In 2000, Phoenix's first album release, United, blazed across the musical skies like a newly discovered comet. Paris, London, L.A., and New York were all captivated, with everyone from Sofia and Roman Coppola to Air heaping praise on them. And with good cause: great songs, great performances, great production, and attention to detail. Powered by tracks like "Too Young" (which was featured on the Lost In Translation soundtrack), "Honeymoon" and "If I Ever Feel Better," critics hailed United a brilliant debut, an album that one U.K. critic described as "undoubtedly the best post-French house, '70s country-rock concept album of modern love songs you're ever likely to hear." For Alphabetical, Phoenix has once again given birth to a mutant, drawing on a range of disparate influences to create an idiom that is both coherent and profoundly original.
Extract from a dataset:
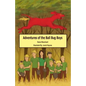 Adventures of the Ball Bug Boys - Paperback
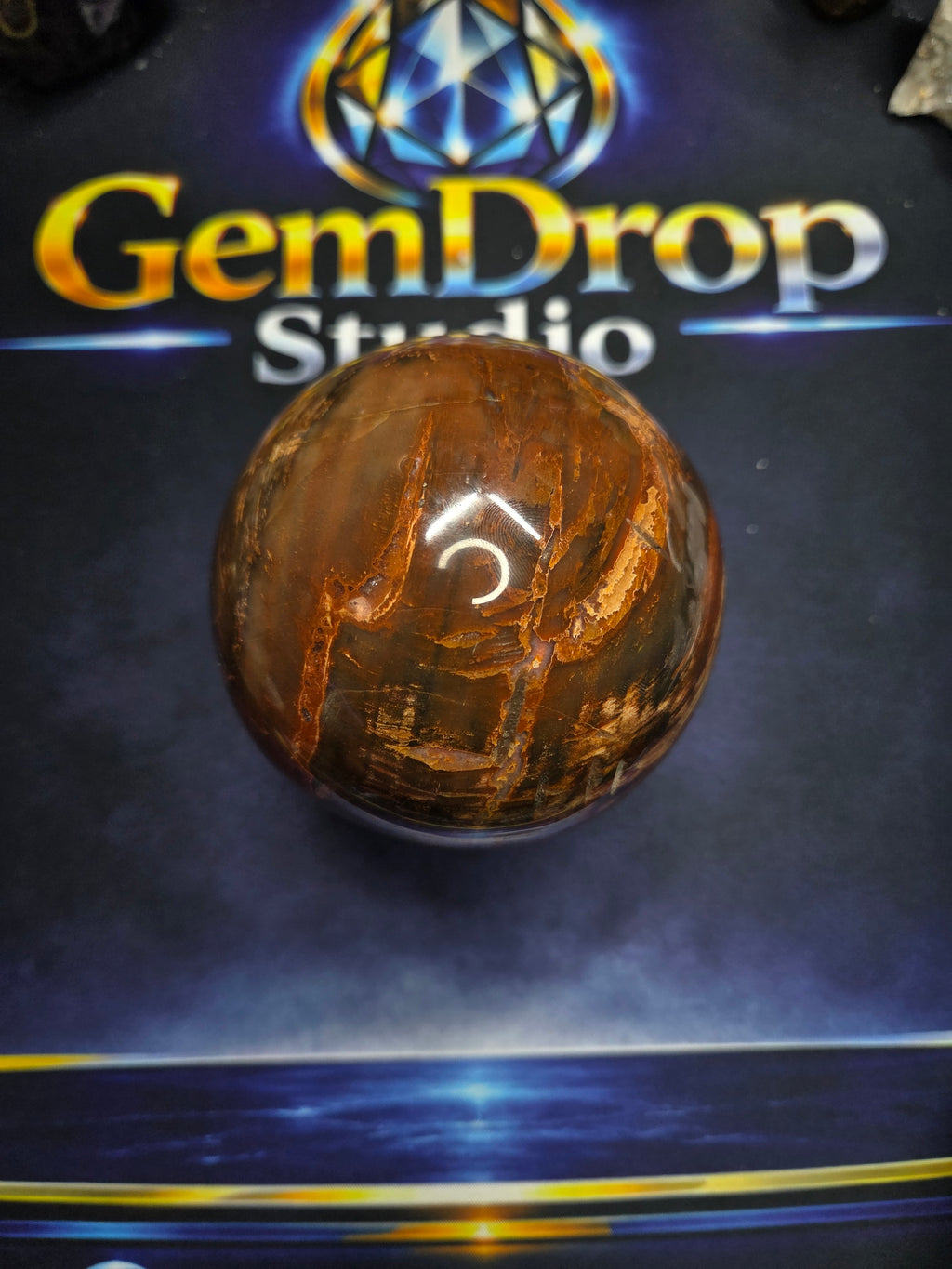 Petrified wood sphere #1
Phoenix's four members--Thomas Mars (vocals), Christian Mazzalai (guitar), Laurent Brancowitz (guitar), and Deck d'Arcy (bass)--closeted themselves away in their Paris studio, determined to create a recording at once more complete and more personal than United. They operated as a true collective, a symbiosis in which each member was equally responsible for the lyrics, music, performance, arrangements, and production. They were adamant that, at every stage of the album's production, they do their utmost to retain their artistic signature, even if it meant allowing certain imperfections and accidents to make it into the final mix. Speaking of which, Tony Hoffer (who has worked with Air, Turin Brakes, Beck, the Thrills) was brought on board to add his technical prowess to the final mixing--he was able to add a new dimension to the group's already well-marinated production.
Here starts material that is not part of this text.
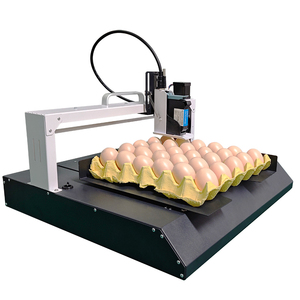 Hoch auflösendes, schnell trocknendes, variables Datum Produktions datum Chargen nummer Logo Egg Coding Stamp ing Machine - Product Image 2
The album opens with a bang: "Everything Is Everything" is the happy lovechild of a radical beat and brilliant songwriting, while "Run, Run, Run" is a highly improbable collision between folk guitar and a pounding hip-hop beat. Phoenix has the knack of flawlessly unifying the seemingly incompatible. "I'm An Actor" ushers in a radical change of tone: a monologue from the mouth of an actor drunk on power that progressively becomes a furious, megalomaniacal rant. Jagged guitars and offbeat rhythms conjure up a sense of imbalance. The atmosphere is heavy, the sense of uneasiness immediately palpable and the apotheosis comes in the form of a deluge of powerful chorals that lends the track an undeniably epic, even heroic, dimension.
Considering the band is made of French natives, Phoenix has a rare mastery of the lyric, words entwining themselves around and within, yet always at the service of the song. As the band themselves note: "We took a lot of trouble to make sure that the lyrics were honest and the emotions true, even at the risk of sometimes painful introspection. We wanted to avoid losing focus, the sort of 'catalogue of styles' thing. So we ended up being very selective both in choosing and arranging the tracks. We tried to free ourselves of everything artificial, preferring unmediated energy and total honesty in performance. But by the same token we wanted the work to remain supple, sophisticated, and, above all, really unique and celebratory. When it comes down to it, the only thing that you want to happen once people have listened all the way through is for them to listen to the whole thing again!"